▶ **ENTRIES SHOWN**
....

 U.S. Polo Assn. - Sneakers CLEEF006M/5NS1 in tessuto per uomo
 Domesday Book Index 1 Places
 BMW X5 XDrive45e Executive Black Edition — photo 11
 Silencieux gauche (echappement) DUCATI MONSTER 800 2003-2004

....

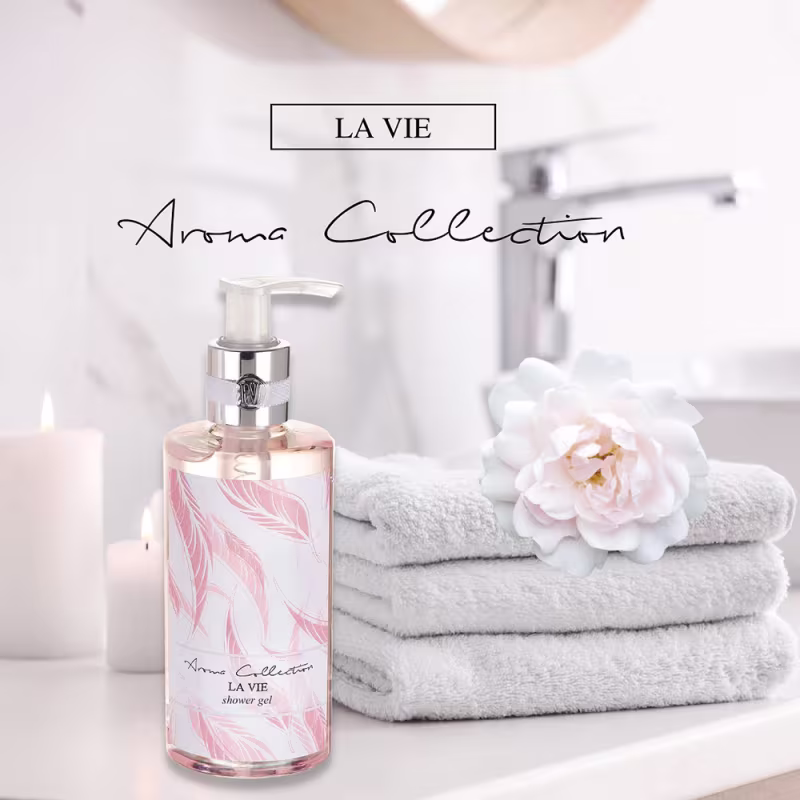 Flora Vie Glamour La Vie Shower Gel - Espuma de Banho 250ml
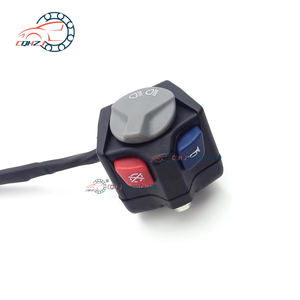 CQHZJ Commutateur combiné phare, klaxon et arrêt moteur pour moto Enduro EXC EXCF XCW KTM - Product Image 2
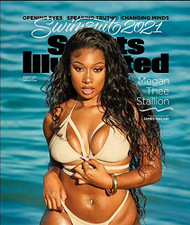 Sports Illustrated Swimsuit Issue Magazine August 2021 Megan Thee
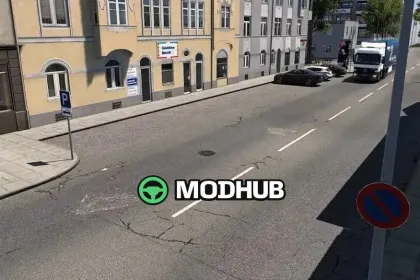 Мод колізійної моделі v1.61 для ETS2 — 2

....

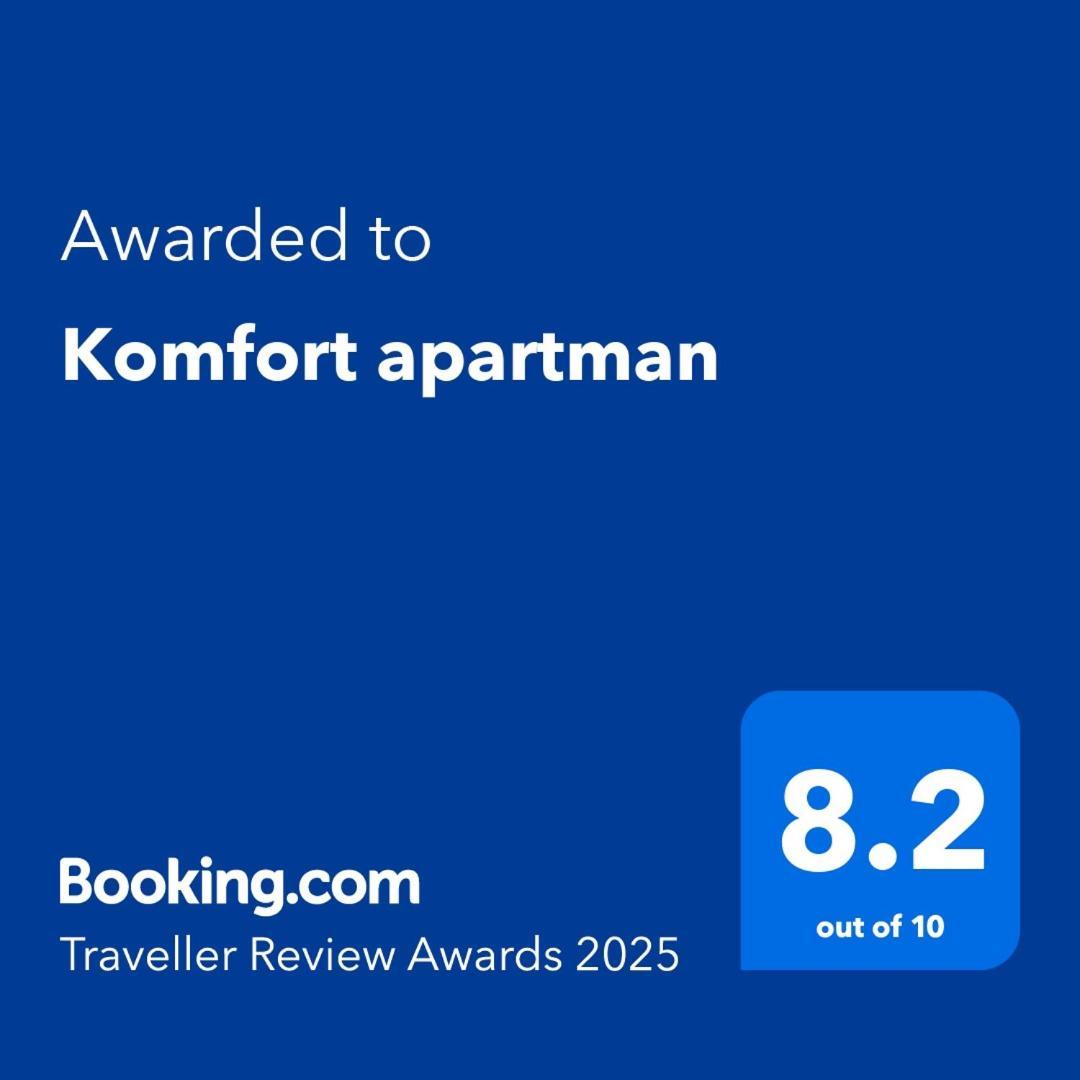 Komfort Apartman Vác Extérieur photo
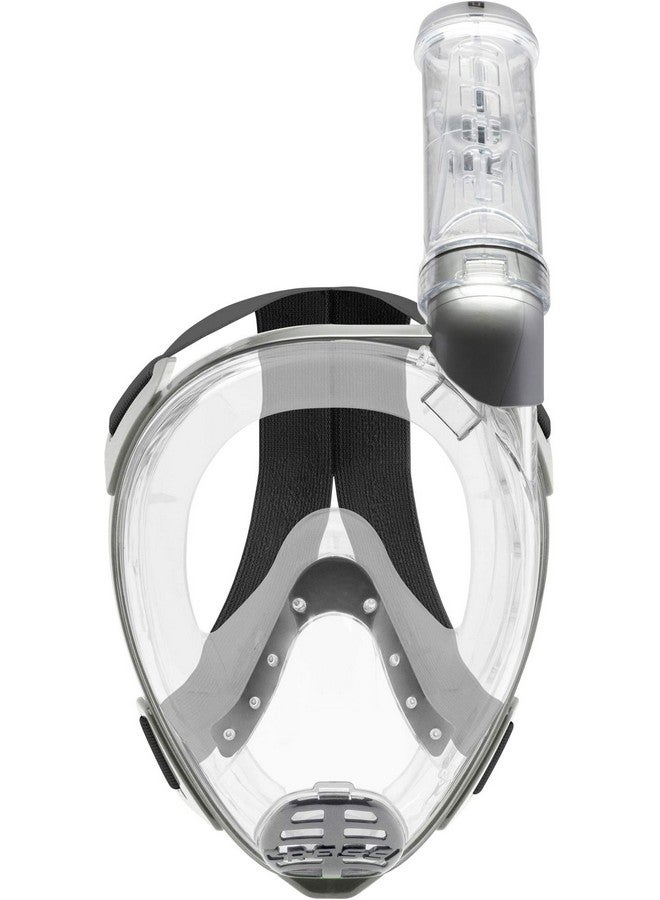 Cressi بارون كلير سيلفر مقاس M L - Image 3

....

▶ **EXERCISE REQUIREMENTS**
Starting at the line above that contains "U.S. Polo Assn.", repeat each line exactly up to and including the line that contains "Silencieux gauche (echappement)", and stop there.

▶ **ANSWER SECTION**
 U.S. Polo Assn. - Sneakers CLEEF006M/5NS1 in tessuto per uomo
 Domesday Book Index 1 Places
 BMW X5 XDrive45e Executive Black Edition — photo 11
 Silencieux gauche (echappement) DUCATI MONSTER 800 2003-2004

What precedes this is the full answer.